Problem to solve - Omit the pictures and retype only the lines from the one containing "Earth Rated Leak-Proof" through the end of the listing, both ends included.
=== Begin Enclosure ===
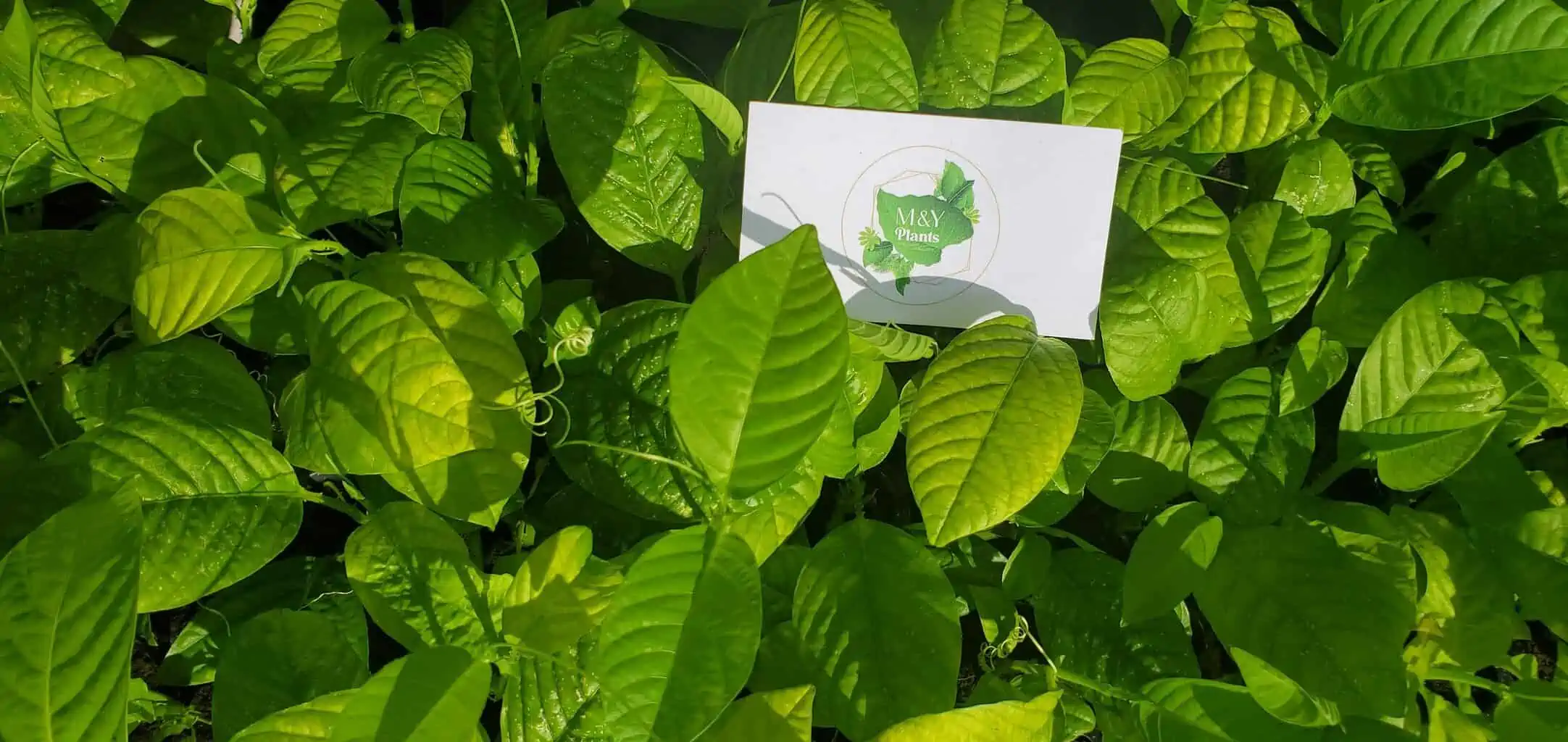 2-Passiflora Quadrangularis-Passiflora Starter Plants 4 2-Passiflora Quadrangularis-Passiflora Starter Plants - Image 2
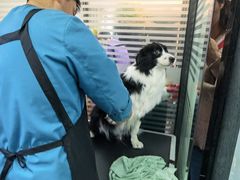 -瑞派宠物医院·24小时骨科·心脏·核磁(哈尔滨南岗店)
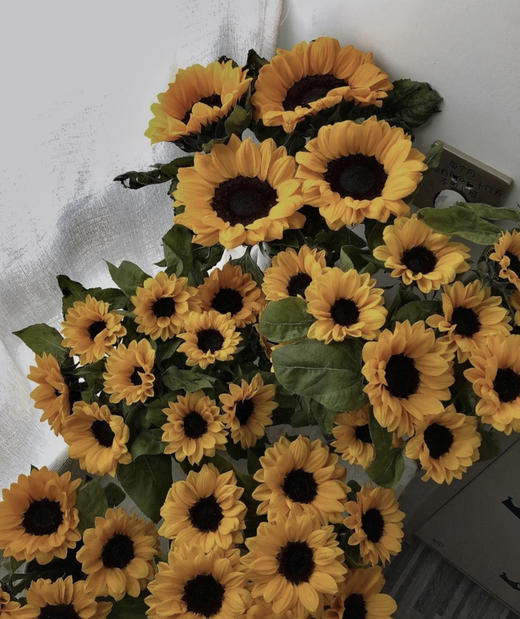 【入目无人/四下皆是你】向日葵（昆明版）5枝/扎 商品图0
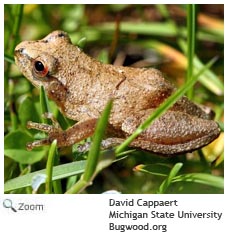 Spring Peeper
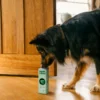 Earth Rated Leak-Proof Dog Poop Bags, Lavender, 100 Count on 5 Single Refill Rolls - Image 5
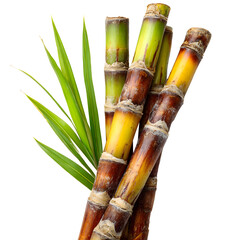 Fototapeta premium Fresh sugarcane for sugar production isolated background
=== End Enclosure ===
Exercise solution -
 Earth Rated Leak-Proof Dog Poop Bags, Lavender, 100 Count on 5 Single Refill Rolls - Image 5
 Fototapeta premium Fresh sugarcane for sugar production isolated background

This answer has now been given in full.